TO DO
The answer should be an exact repeat of the stretch of material below from the line containing "BBQ ribs, potato salad and green beans." through the line containing "Urbanstyle black and".

──────── MATERIAL FOR THIS EXERCISE

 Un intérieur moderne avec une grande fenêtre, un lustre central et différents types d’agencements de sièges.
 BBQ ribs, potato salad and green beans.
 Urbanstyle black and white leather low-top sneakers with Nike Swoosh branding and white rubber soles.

────────────────
──────── MATERIAL FOR THIS EXERCISE

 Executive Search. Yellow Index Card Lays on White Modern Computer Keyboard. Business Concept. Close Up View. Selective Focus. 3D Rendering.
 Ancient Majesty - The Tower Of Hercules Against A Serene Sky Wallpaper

────────────────

YOUR RESPONSE
 BBQ ribs, potato salad and green beans.
 Urbanstyle black and white leather low-top sneakers with Nike Swoosh branding and white rubber soles.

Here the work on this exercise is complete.